5. Tenanted rice and/or corn lands seven (7) hectares or less shall not be covered by Operation Land Transfer. The relation of the land owner and tenant-farmers in these areas shall be leasehold . . . (Emphasis supplied)

Based on the foregoing, it is clear that the lands in dispute do not fall under the coverage of P.D. No. 27. The DAR Memorandum is categorical that lands with seven hectares or less shall not be covered by OLT. 2. TERMINATION OF LEASEHOLD BY PAYMENT OF DISTURBANCE COMPENSATION Based on the evidence on record, respondents paid Aguido P2,000,000.00 and Hernando P2,417,142.00 as disturbance compensation.
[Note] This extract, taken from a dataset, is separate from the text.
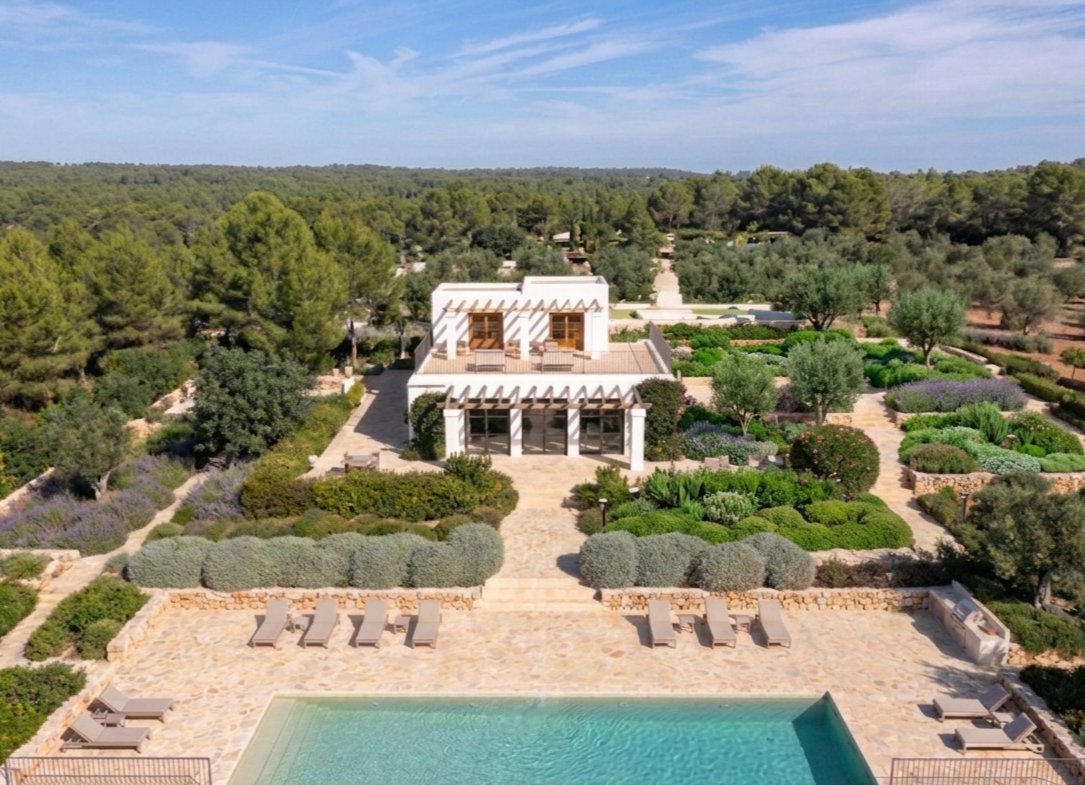 Villa in Santa Gertrudis de Fruitera, Santa Eularia des Riu, Balearic Islands 1 - 16743510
A reading of the Pinanumpaang Salaysay executed by petitioners show that they gave up their leasehold rights"dahil sa aming kagustuhang umiba ng hanap buhay ng higit ang pagkikitaan kaysa panakahan." The money given by respondents as disturbance compensation was indeed advantageous to the families of petitioners, as it would have allowed them to pursue other sources of livelihood. 3. CERTIFICATE OF LAND TRANSFER EFFECT Citing Pagtalunan v. Tamayo, G.R. No. 54281, March 19, 1990, 183 SCRA 252: Moreover, assuming arguendo that CLTs were actually issued to petitioners, a CLT does not vest in the farmer/grantee ownership of the land described therein. At most, the CLT merely evidences the government's recognition of the grantee as partly qualified to await the statutory mechanism for the acquisition of ownership of the land titled by him as provided in P.D. No. 27. Neither is this recognition permanent or irrevocable.